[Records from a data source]

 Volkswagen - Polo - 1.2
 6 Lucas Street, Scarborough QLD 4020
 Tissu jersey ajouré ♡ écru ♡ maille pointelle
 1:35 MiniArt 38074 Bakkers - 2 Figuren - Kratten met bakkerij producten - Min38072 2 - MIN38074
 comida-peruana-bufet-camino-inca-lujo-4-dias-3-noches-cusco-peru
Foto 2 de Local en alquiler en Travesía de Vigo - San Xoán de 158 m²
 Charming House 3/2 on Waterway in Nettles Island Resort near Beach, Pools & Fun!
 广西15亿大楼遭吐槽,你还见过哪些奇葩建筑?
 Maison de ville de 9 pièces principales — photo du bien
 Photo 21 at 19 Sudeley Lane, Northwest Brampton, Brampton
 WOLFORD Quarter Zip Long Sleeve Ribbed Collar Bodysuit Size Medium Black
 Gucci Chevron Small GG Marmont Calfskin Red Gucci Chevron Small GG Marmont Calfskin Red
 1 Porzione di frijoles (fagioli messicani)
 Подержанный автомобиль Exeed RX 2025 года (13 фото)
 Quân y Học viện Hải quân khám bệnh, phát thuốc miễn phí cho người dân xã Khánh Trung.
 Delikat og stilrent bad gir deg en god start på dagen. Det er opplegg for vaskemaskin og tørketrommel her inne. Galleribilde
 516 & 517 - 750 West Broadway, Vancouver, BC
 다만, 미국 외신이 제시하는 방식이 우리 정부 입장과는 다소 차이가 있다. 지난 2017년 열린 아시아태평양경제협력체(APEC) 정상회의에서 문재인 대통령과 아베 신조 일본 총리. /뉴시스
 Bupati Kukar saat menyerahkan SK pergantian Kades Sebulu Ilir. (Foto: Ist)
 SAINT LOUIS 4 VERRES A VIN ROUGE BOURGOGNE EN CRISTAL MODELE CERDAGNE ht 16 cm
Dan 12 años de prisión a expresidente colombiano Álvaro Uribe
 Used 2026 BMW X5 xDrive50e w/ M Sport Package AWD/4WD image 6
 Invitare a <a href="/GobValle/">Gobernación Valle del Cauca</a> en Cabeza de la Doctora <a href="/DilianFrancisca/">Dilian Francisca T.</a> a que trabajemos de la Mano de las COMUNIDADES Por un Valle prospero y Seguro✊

● **Problem details**
Only a number is expected here: how many lines of the records above contain "Foto".

● **Solution to this problem**
2